According to first mean value theorem for integration, if $G \ : \ [a,b] \to \mathbb{R}$ is a continuous function, there exists $x \in (a,b)$ such that
$$\int_a^b G(t) dt = G(x)(b-a)$$
Assume $G$ is a continuous function defined on $[a,b]$. For $0 < h < \frac{b-a}{2}$
$$\overline{G} \ : \ y \mapsto \int_{y-h}^{y+h} G(t) dt$$ is defined for $y \in [a+h,b-h]$. Applying the first mean value theorem for integration, for all $y \in [a+h,b-h]$, there exists $c_y \in (y-h,y+h)$ with
$$\overline{G}(y)=\int_{y-h}^{y+h} G(t) dt = 2 h G(c_y)$$
Taking for $G$ a constant function, $c_y$ can by any point in $(y-h,y+h)$. Hence we can pick up it in a way for which $y \mapsto c_y$ is not a Lebesgue measureable function.

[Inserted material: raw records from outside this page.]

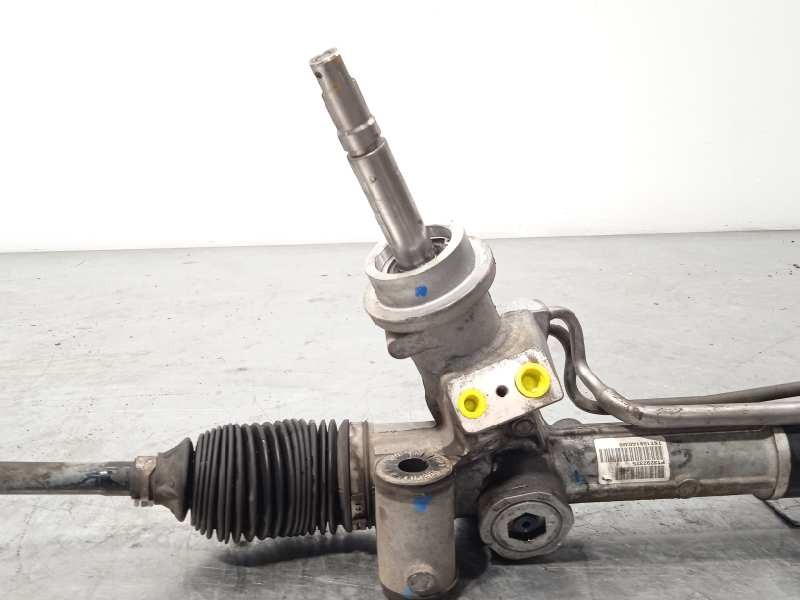 Recambio de cremallera direccion para opel insignia berlina 2.0 16v cdti referencia OEM IAM P13292325 13270984 13292325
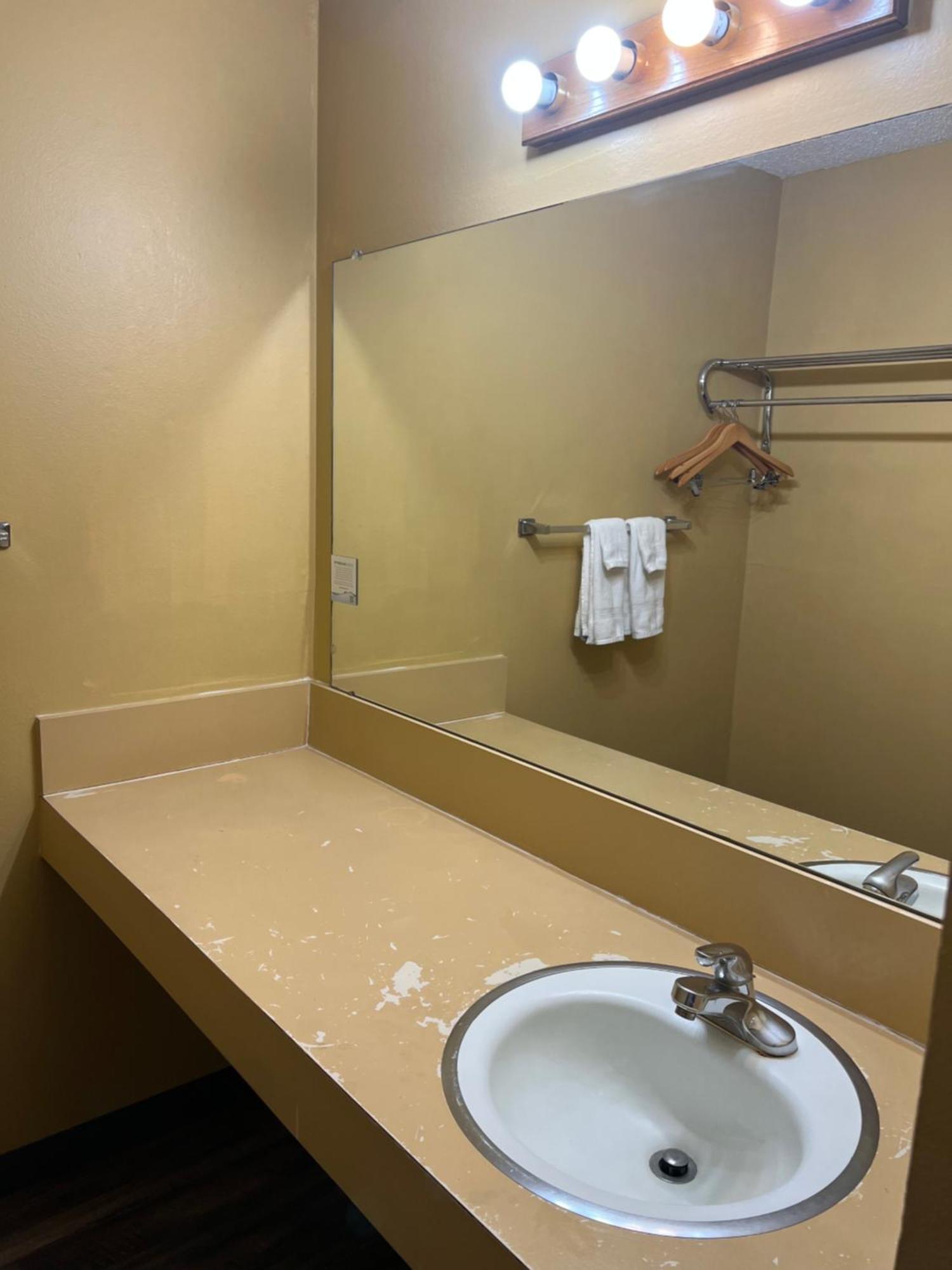 Studio Lodge Laramie Ngoại thất bức ảnh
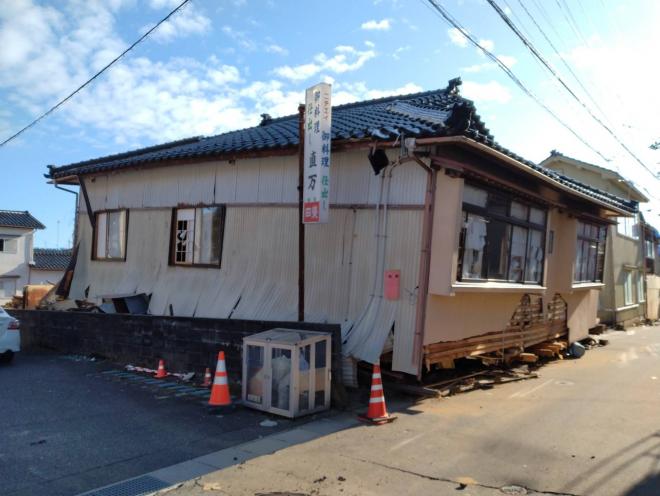 1-2応援派遣【建物被害認定調査業務・第6班】の画像9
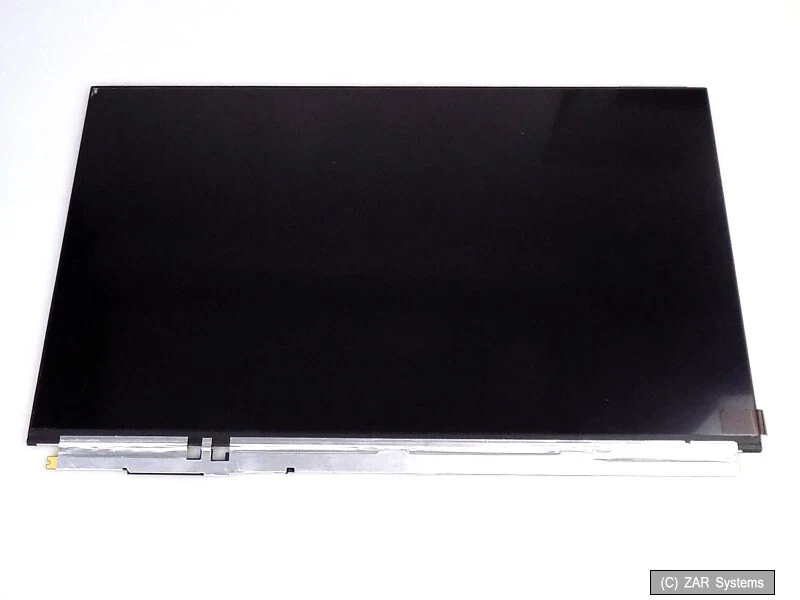 DELL 07PHPT 15,6 LCD 4K IPS UHD Glossy 3840x2160 LQ156D1JW31 für XPS 9550, NEU - Bild 1 von 1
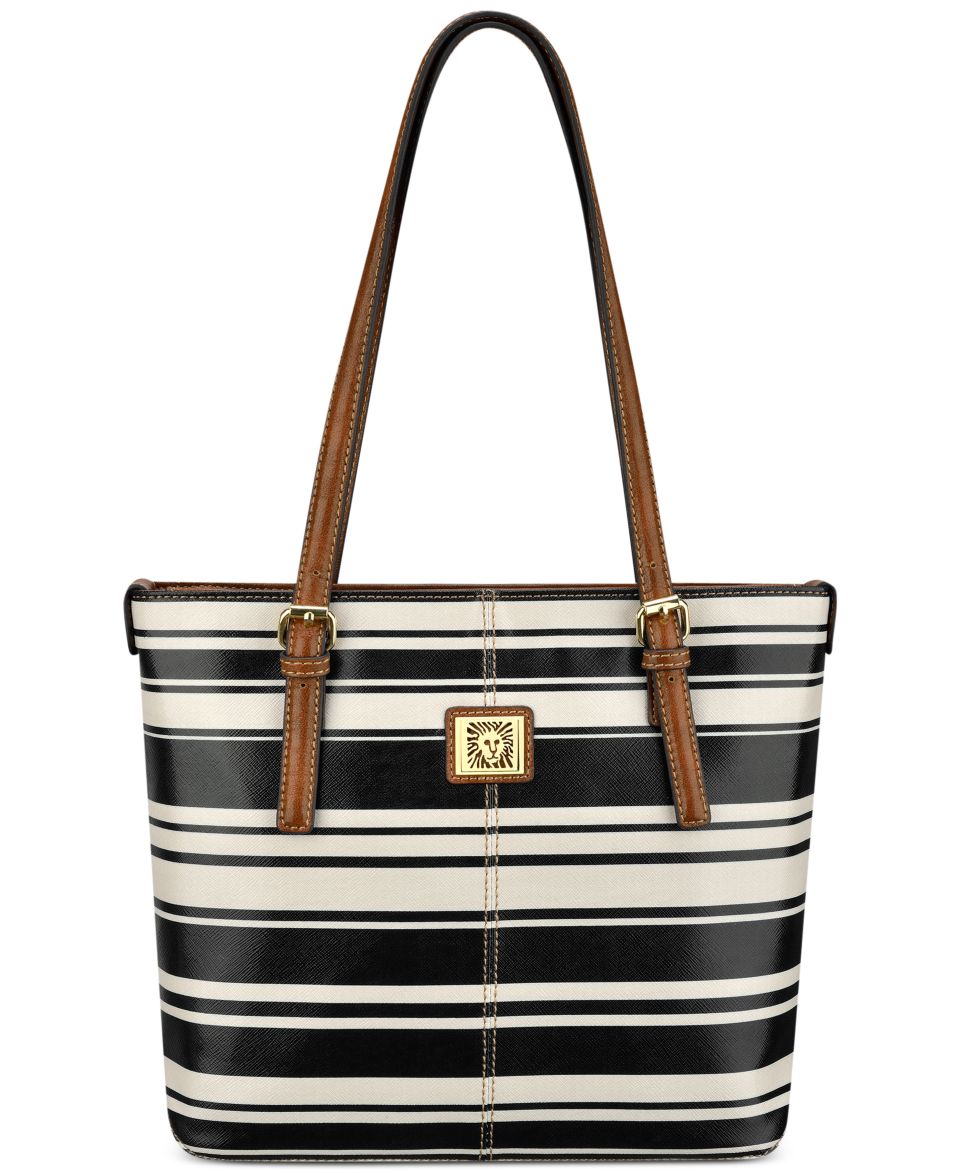 Anne Klein Perfect Medium Tote   Handbags & Accessories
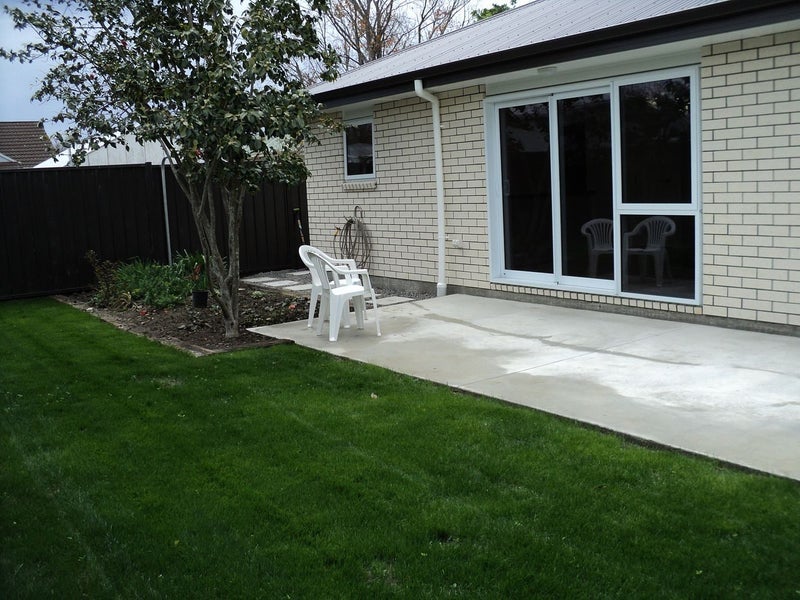 607A Pepper Street, Saint Leonards, Hastings - Carousel 2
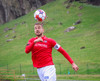 ÍBV - Valur 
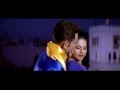 Rukin rukin full song pind di kudi  veena malik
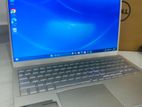 Dell Leptop
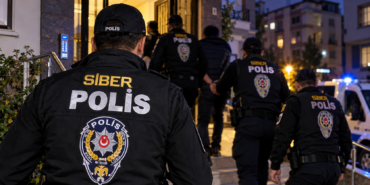 Malatya Dahil 33 İlde Yasa Dışı Bahis Operasyonu: 119 Şüpheli Hedef Alındı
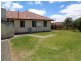 31 Pierpoint Street, Stanthorpe QLD 4380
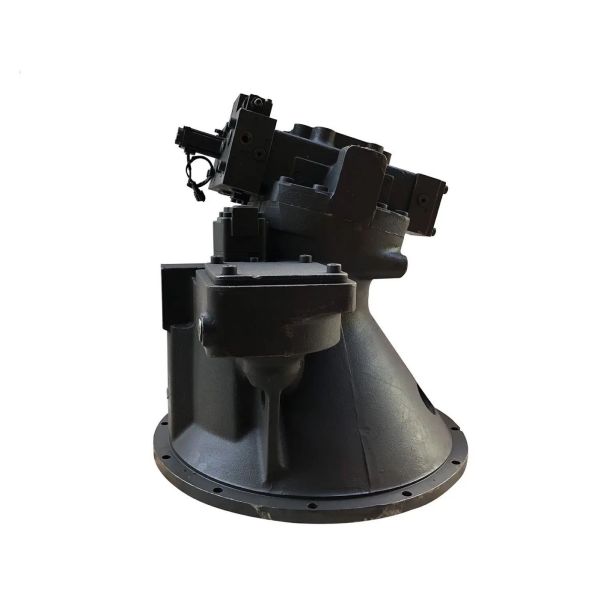 Buy 100% KSJ2285 A8V172ESBR6 Excavator Main Pump Rexroth A8V172 Hydraulic Pump Best Sale at wholesale prices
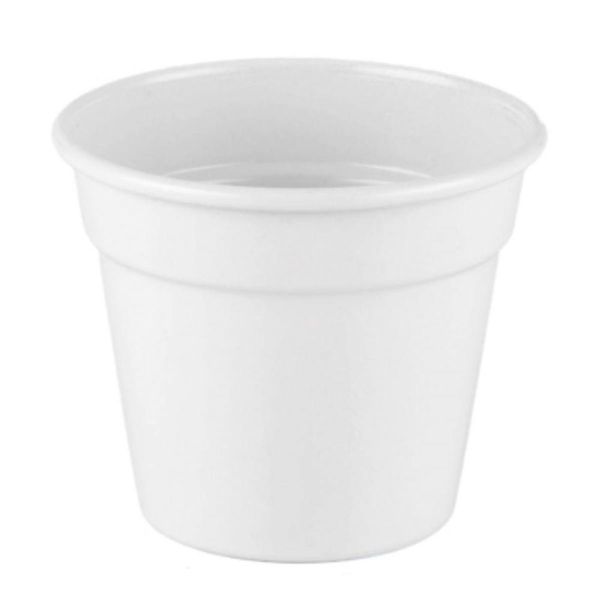 Cachepot Pequeno 8x9mm Sortido - 0511 - Redar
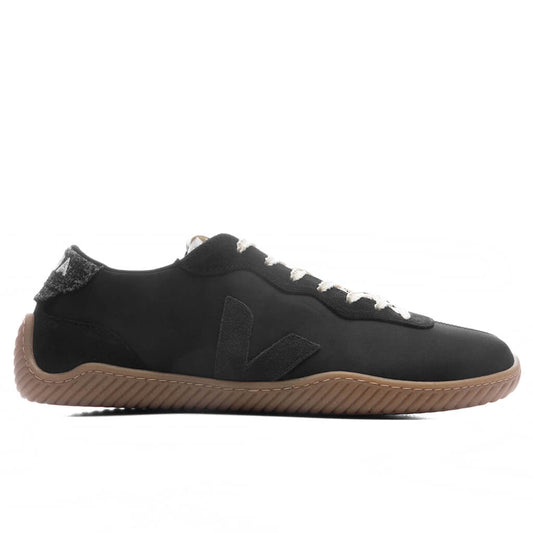 Veja x Baserange Women's Jitsu Nolyn - Black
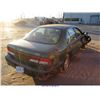 Image 4 : 1999 - INFINITI I30 // "PARTS ONLY"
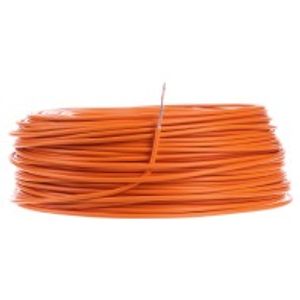 4520091 R100  (100 Meter) - Power cable < 1kV, fix installation 4520091 R100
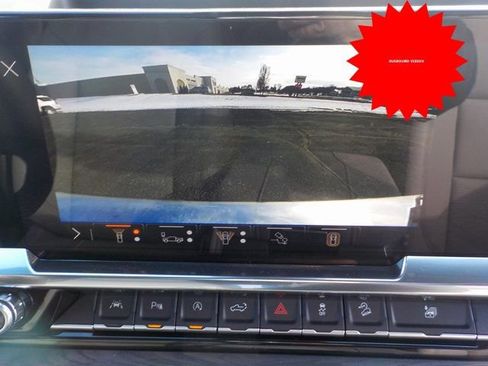 New 2026 GMC Sierra 1500 SLT w/ SLT Premium Plus Package image 42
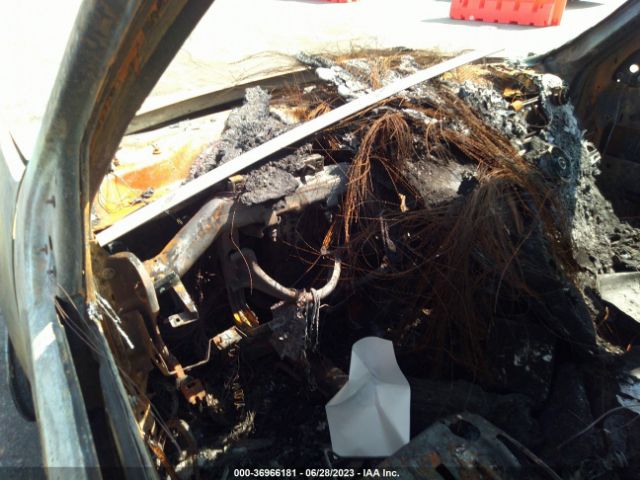 1GKS1KE06ER206764 GMC Yukon Xl Slt
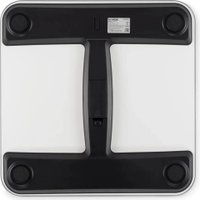 Напольные весы Hyundai H-BS03456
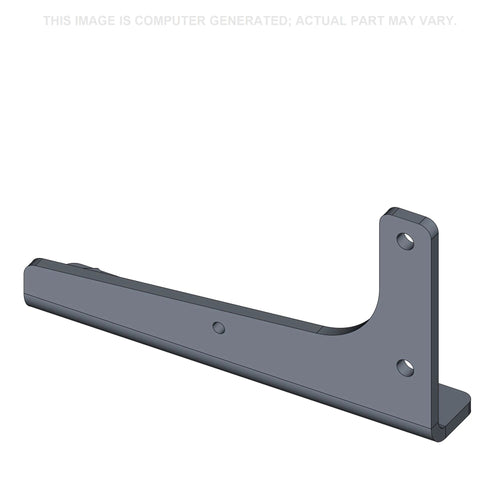 92293171 - OEM SUPPORT - CASE CONSTRUCTION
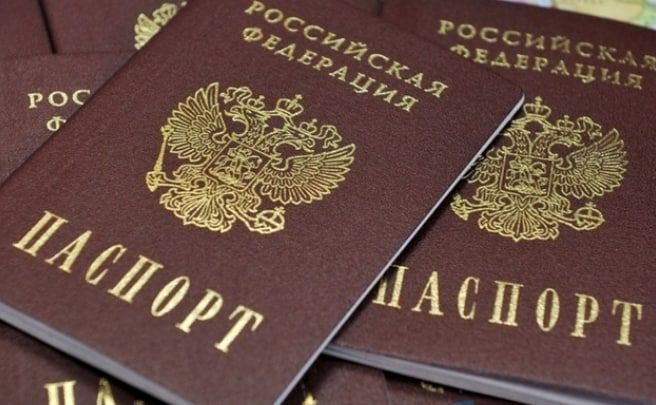 �������� ��� � ������� ��� ��������� � �� �������� ����������� ������ � �������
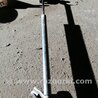 Амортизатор капота Subaru Impreza GD/GG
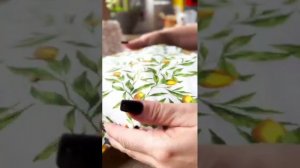 КРАФФИН на ПАСХУ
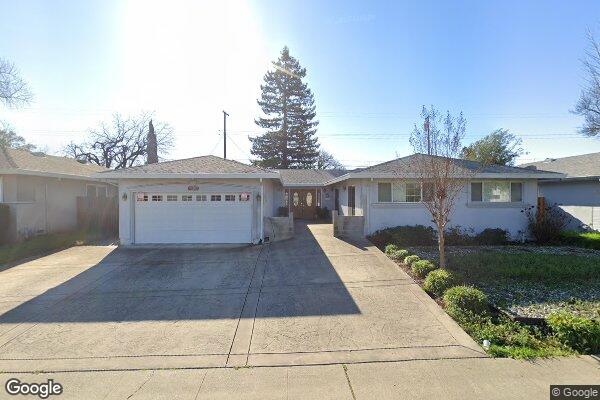 Royal Gardens Elder Care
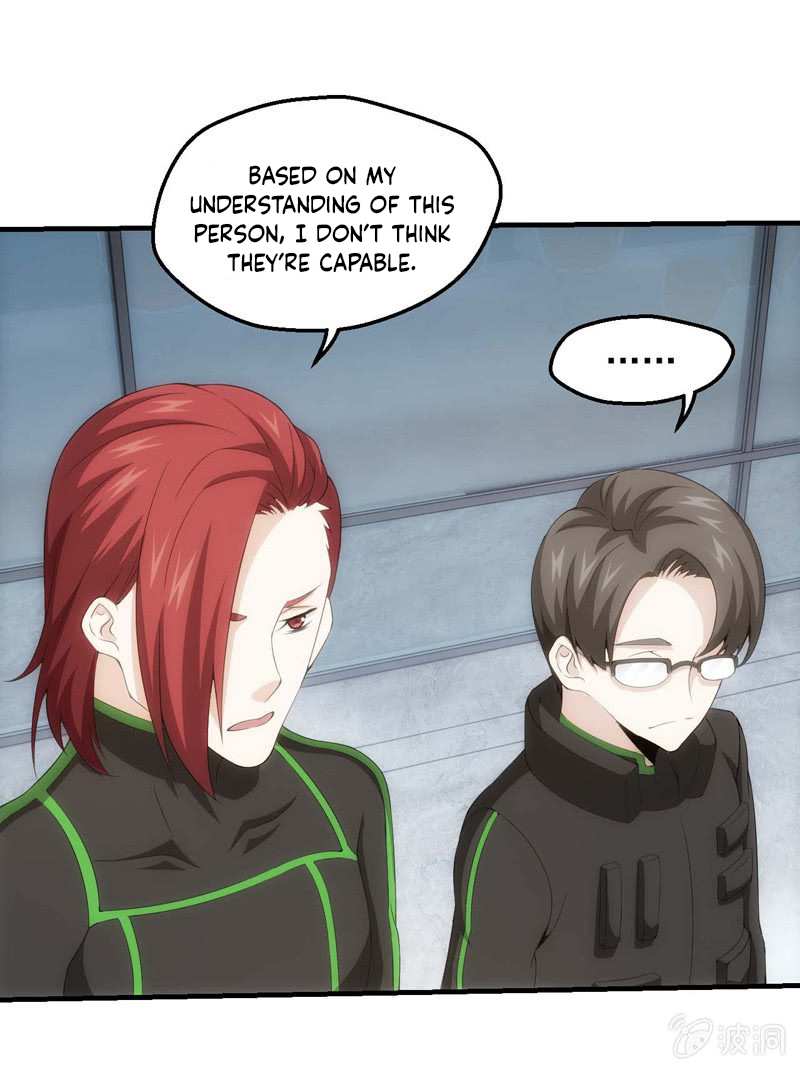 Page 15 of Chapter 121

Question: can one find a continuous function $G$ for which $c_y$ is defined for all $y \in (a+h,b-h)$ as the lower bound of the $z$ such that $\int_{y-h}^{y+h} G(t) dt = 2 h G(z)$ and such that $y \mapsto c_y$ is not Lebesgue measureable?
Best Answer
This is not quite an answer, but I'm going to post it anyway because I think it may lead to a real answer.
If we modify your question so that instead of $c_y$ we consider $$d_y = d(y) = \inf\left\{z \in [y-h, y+h] : \int_{y-h}^{y+h} G(t)\,dt = 2 h G(z) \right\}$$ (note the closed interval instead of open), then we can show that the function $d$ is lower semicontinuous, and in particular is Lebesgue measurable. Fix a sequence $y_n \to y_0$ and set $d_0 = \liminf_{n \to \infty} d(y_n)$. We have to show $d(y_0) \le d_0$. Passing to a subsequence, we may assume $d_0 = \lim_{n \to \infty} d(y_n)$. Note that $y_n -h \le d(y_n) \le y_n + h$ by definition, so $y_0 - h \le d_0 \le y_0 + h$; in particular $d_0$ is finite.
Now for each $n$, by definition of $d$ there exists $z_n$ such that $d(y_n) \le z_n \le d(y_n) + \frac{1}{n}$ and $$\int_{y_n-h}^{y_n+h} G(t)\,dt = 2 h G(z_n). \tag{*}$$ By the squeezing lemma, $z_n \to d_0$ and so by continuity of $G$ we have $2hG(z_n) \to 2hG(d_0)$. On the other hand, by the dominated convergence theorem we have $$\int_{y_n-h}^{y_n+h} G(t)\,dt \to \int_{y_0-h}^{y_0 + h} G(t)\,dt.$$ (To see this, set $F_n = 1_{[y_n - h, y_n + h]}$ and note that $F_n(t) \to F_0(t)$ for all $t \ne y_0 \pm h$; in particular $F_n \to F_0$ almost everywhere. So $F_n G \to F_0 G$ almost everywhere, and is dominated by $G$ on some bounded interval large enough to contain all $[y_n - h, y_n + h]$.)
So when we pass to the limit in (*), we obtain $$\int_{y_0 - h}^{y_0 + h} G(t)\,dt = 2 h G(d_0).$$ Therefore, $d(y_0) \le d_0$.
If we work with $c(y)$ instead, most of the argument above still works. But the very last line could fail because we might have $c_0 = y_0 - h$ in which case we cannot conclude $c(y_0) \le c_0$. I think there should be a way to fix this, but it's too late at night here to keep thinking about it...